The students at Santa Clara's All Star Academy look to burnish their onfield skills.

Baseball has been called “America’s Game,” and for a good reason; no other country has taken the sport to heart like the United States. The definite origins of the sport are hazy; and most likely, humans have been hitting things with sticks competitively since the dawn of time.

The oldest of the leagues is the National League; it began in 1876. Since then we’ve had the pleasure of rooting on the home team and joining friends in the park on weekends to hit a ball with a bat. While some choose to enjoy the game as spectators, or casual participants, others take it very seriously.

Like all sports, technique and strength are the key elements in being a successful baseball player. To achieve excellence, players use refined training that goes way beyond what you’ll find in the sandlot.

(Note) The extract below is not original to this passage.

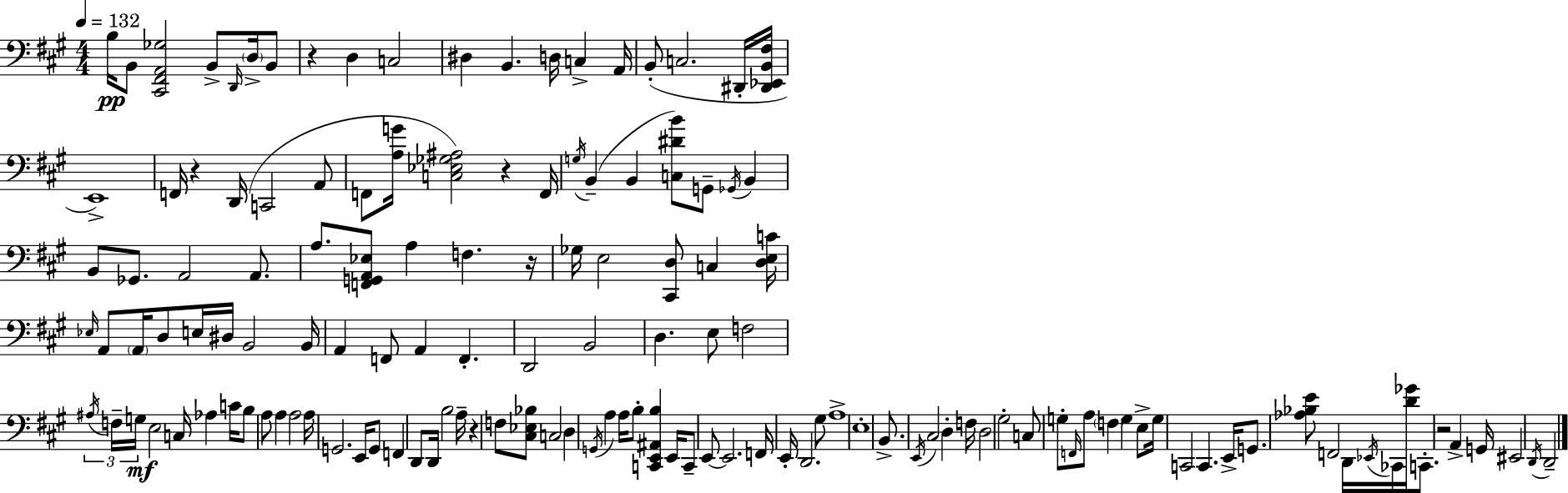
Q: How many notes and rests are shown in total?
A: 140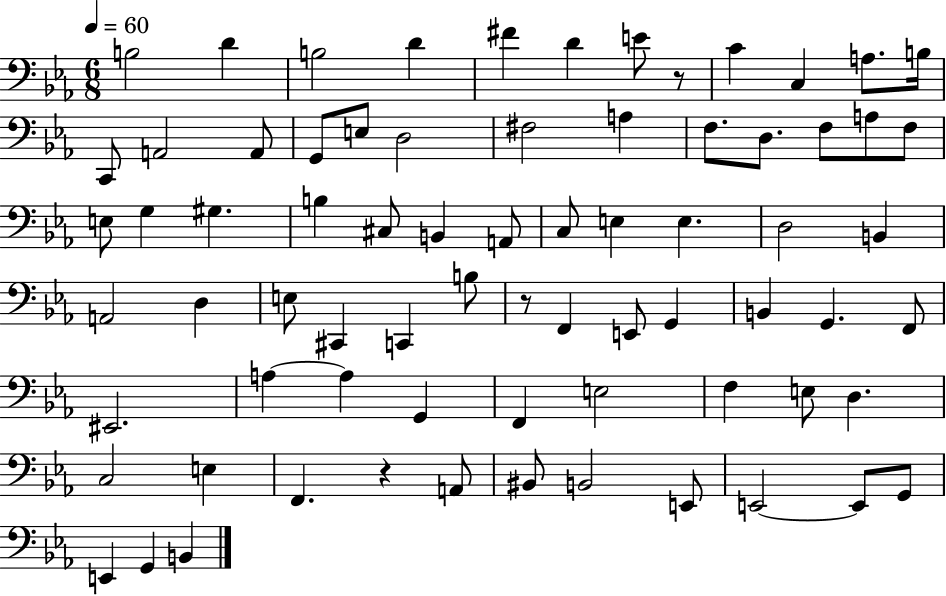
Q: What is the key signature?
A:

Brady Austin, general manager of All Star Academy (ASA) in Santa Clara (2901 Mead Ave.), knows how to get young players to perform at their best. He says, “They need continuity, objectivity and knowledge of mechanics. We want players to get better, reach their potential and achieve their goals.”

ASA started in 2006. Since then, Brady and his team of coaches have focused on the increased performance of their players. With appearances by Troy Tulowitzki of the Colorado Rockies, Nyjer Morgan of the Milwaukee Brewers and Daniel Nava of the Boston Red Sox during the off-season, the ASA staff never stops learning new techniques from the pros. Those training methods and trade secrets are what make ASA so attractive to players.

ASA offers individual lessons in hitting, pitching, fielding, base running and fundamental throwing and catching. Skill clinics last four hours and include video analysis and performance tracking to insure efficient and focused coaching. The pitching program has been crafted to meet players’ needs, and promises to be, “the most effective and safe in the Bay Area,” according to the ASA website.

The Academy’s pitching philosophy focuses not only on how to throw a ball but also on when to throw it and how to keep your arm strong and healthy. That expertise comes with a price, though; nonmembers pay $1000 for six months.

The training facility offers 17,000 square feet of indoor and outdoor space where players can hone their skills and update their performance goals daily. There are nine baseball cages and nine softball cages. Pitching mounds and live hitting tunnels are available indoors and outdoors, with appropriate distances available for all ages. 

According to ASA, their coaches bring knowledge, rapport, communication, assessment, enthusiasm, caring and presence to their players. Of course, all that expertise and guidance comes with a price; but to some players, any advantage on the field is priceless.